Dictionary of National Biography, 1885-1900/Cosin, Edmund
COSIN or COSYN, EDMUND (fl. 1558), vice-chancellor of Cambridge University, a native of Bedfordshire, entered King's Hall, Cambridge, as a bible clerk; proceeded B.A. early in 1535, M.A. in 1541, and B.D. in 1547; was successively fellow of King's Hall, St. Catharine's Hall, and of Trinity College (on its formation in 1546); and held from 21 Sept. 1538 to November 1541 the living of Grendon, Northamptonshire, which was in the gift of King's Hall. Cosin was proctor of the university in 1545, and his zeal in the catholic cause combined with Gardiner's influence to secure his election early in Mary's reign to the mastership of St. Catharine's Hall, and his presentation by the crown to the Norfolk rectories of St. Edmund, North Lynn (1553) and of Fakenham (1555), and to the Norfolk vicarages of Caistor Holy Trinity, and of Oxburgh (1554). In 1555 Trinity College presented him to the rectory of Thorpland, Norfolk. At the same time Cosin held many minor ecclesiastical offices, being chaplain to Bonner, bishop of London, and assistant to Michael Dunning, chancellor of Norwich diocese.
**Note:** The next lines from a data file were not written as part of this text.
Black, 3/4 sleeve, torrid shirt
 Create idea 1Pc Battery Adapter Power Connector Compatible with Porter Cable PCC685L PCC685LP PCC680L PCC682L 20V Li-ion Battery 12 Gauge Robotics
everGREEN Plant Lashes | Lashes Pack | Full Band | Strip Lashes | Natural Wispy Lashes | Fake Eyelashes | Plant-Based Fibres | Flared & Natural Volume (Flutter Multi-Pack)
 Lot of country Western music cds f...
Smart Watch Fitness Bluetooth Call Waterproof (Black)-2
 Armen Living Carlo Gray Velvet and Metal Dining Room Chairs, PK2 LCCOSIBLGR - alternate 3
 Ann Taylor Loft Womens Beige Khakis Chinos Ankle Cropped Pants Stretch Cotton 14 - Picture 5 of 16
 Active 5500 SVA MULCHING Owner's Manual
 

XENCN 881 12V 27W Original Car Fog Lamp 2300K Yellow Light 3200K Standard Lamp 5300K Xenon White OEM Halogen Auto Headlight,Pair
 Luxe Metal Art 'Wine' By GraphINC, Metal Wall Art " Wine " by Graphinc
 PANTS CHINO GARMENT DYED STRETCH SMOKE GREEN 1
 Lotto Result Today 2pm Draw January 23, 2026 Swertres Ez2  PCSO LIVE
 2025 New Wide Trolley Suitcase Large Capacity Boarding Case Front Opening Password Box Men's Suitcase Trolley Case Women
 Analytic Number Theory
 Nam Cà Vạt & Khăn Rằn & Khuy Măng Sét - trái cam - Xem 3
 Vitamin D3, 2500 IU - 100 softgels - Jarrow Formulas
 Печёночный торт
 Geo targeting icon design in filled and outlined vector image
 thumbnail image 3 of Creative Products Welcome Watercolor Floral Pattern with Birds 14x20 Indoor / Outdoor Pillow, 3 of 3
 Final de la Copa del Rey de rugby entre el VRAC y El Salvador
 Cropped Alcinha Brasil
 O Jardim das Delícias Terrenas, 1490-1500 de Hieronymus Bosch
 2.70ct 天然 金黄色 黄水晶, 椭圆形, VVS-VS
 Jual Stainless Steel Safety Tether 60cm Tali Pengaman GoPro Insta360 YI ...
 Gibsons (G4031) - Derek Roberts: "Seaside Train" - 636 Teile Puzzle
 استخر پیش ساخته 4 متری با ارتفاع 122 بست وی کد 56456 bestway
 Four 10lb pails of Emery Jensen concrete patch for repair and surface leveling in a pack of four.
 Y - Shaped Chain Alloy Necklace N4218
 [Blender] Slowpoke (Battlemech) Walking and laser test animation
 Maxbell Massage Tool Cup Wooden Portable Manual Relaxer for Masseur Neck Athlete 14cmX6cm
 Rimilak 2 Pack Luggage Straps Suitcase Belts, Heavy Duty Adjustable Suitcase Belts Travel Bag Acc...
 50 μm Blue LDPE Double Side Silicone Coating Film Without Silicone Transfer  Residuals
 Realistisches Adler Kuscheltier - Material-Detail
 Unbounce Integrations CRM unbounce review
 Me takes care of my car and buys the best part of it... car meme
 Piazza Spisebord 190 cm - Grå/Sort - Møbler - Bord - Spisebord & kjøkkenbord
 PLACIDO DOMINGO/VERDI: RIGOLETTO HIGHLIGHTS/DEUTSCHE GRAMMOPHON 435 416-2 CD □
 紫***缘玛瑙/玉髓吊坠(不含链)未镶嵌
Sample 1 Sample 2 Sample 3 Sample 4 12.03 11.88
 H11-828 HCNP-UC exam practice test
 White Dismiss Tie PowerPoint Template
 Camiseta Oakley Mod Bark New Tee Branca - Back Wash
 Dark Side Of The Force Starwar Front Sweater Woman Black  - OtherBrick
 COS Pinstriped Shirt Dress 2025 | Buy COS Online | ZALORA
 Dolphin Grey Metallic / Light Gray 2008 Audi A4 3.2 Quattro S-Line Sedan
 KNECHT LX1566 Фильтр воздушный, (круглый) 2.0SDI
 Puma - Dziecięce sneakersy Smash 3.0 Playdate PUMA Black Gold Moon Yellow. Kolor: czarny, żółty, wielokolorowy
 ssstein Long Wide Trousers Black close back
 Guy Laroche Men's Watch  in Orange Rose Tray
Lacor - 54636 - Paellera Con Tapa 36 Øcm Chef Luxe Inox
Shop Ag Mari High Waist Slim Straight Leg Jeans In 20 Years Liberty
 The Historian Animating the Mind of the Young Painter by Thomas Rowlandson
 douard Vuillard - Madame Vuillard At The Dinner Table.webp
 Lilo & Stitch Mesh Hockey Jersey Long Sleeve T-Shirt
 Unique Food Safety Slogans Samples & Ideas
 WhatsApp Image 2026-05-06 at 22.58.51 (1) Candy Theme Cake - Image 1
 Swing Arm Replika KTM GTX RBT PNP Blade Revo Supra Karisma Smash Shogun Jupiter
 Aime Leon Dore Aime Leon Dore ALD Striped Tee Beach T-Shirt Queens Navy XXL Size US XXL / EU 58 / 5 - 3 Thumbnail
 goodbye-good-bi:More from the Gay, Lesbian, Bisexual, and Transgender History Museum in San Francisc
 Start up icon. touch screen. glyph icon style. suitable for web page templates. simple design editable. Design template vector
In 1558 he was elected vice-chancellor of his university, but failing health and the ecclesiastical changes which accompanied Elizabeth's accession induced him to resign all his preferments in 1560 (cf. his letter to Parker in Strype's Parker, i. 176). He subsequently lived in retirement in Caius College, Cambridge, of which he was a pensioner in 1564. In 1568 the lords of the council summoned him before them to answer a charge of nonconformity, but Cosin appears to have preferred leaving the country to complying with the order. He was known to be living abroad in 1576.
[Strype's Memorials, III i. 80; Cooper's Athenæ Cantab. i. 204, 552; Egerton Papers (Camd. Soc.), p. 65; Nichols's Prog. Eliz. iii. 173; Blomefield's Norfolk.]